6. The artificial intelligence-based speech synthesis method of any one of claims 1 to 5, characterized by, The HiFi-GAN vocoder model is obtained through adversarial training using the optimized discriminator loss function and the generator loss function. The generator loss function includes: The generator's audio generation adversarial loss, speech text spectral feature loss, and feature matching loss are weighted using preset spectral feature loss weight parameters to obtain a weighted spectral feature loss; the feature matching loss is weighted using preset feature matching loss weight parameters to obtain a weighted feature matching loss. The generator loss function is obtained by summing the audio generation adversarial loss, the weighted spectral feature loss, and the weighted feature matching loss.
7. A speech synthesis device based on artificial intelligence, characterized in that, The speech synthesis device includes: The spectral feature extraction module is used to acquire the speech text to be synthesized; the speech text to be synthesized is input into a preset acoustic model to obtain the spectral features of the speech text; A speech synthesis module is used to input the spectral features of the speech text into a HiFi-GAN vocoder model with an optimized discriminator loss function for speech synthesis, thereby obtaining the speech audio of the speech text; wherein, the HiFi-GAN vocoder model is trained using a discriminator to obtain the optimized discriminator loss function, and the discriminator includes: The difference loss sub-function calculation unit is used to acquire sample speech text and the real speech signal of the sample speech text, as well as the predicted speech signal of the sample obtained by speech synthesis in the HiFi-GAN vocoder model; calculate the distance between the real speech signal and the preset target speech signal to obtain the real speech distance; calculate the distance between the real speech signal and the predicted speech signal to predict the speech distance; and determine the difference loss sub-function based on the deviation between the real speech distance and the predicted speech distance.
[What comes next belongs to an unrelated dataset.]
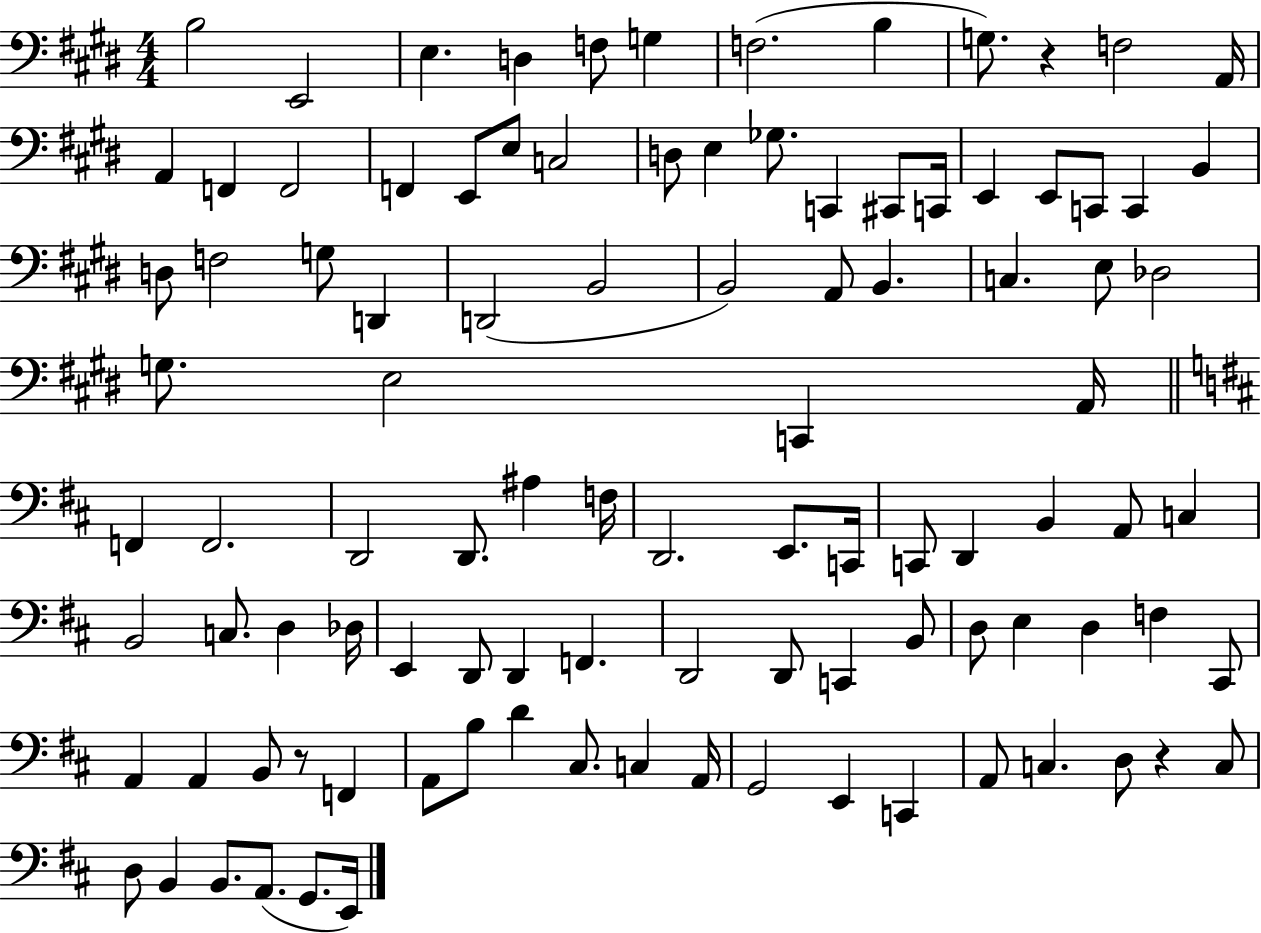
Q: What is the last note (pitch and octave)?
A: E2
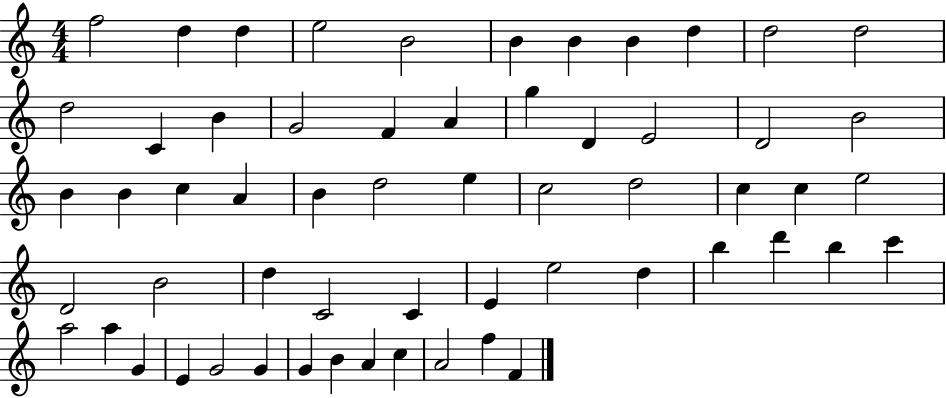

The differential loss sub-function calculation unit further includes: The target speech signal determination subunit is used to randomly extract a speech signal from a preset real speech storage database as the target speech signal before calculating the distance between the real speech signal and the preset target speech signal; The distance calculation subunit includes: The first distance calculation submodule is used to calculate the difference between the real speech signal vector between the sample anchor point and the target speech signal, using the real speech signal as the sample anchor point, and to obtain the L1 norm of the difference between the real speech signal vector to get the distance between the real speech signal and the preset target speech signal. The second distance calculation submodule is used to calculate the difference between the predicted speech signal vector and the sample anchor point, obtain the L1 norm of the difference between the predicted speech signal vector, and obtain the distance between the real speech signal and the predicted speech signal.
8. A computer device, characterized in that, The computer device includes a processor, a memory, and a computer program stored in the memory and executable on the processor, wherein the processor executes the computer program to implement the speech synthesis method as described in any one of claims 1 to 6.
9. A computer-readable storage medium storing a computer program, characterized in that, When the computer program is executed by a processor, it implements the speech synthesis method as described in any one of claims 1 to 6.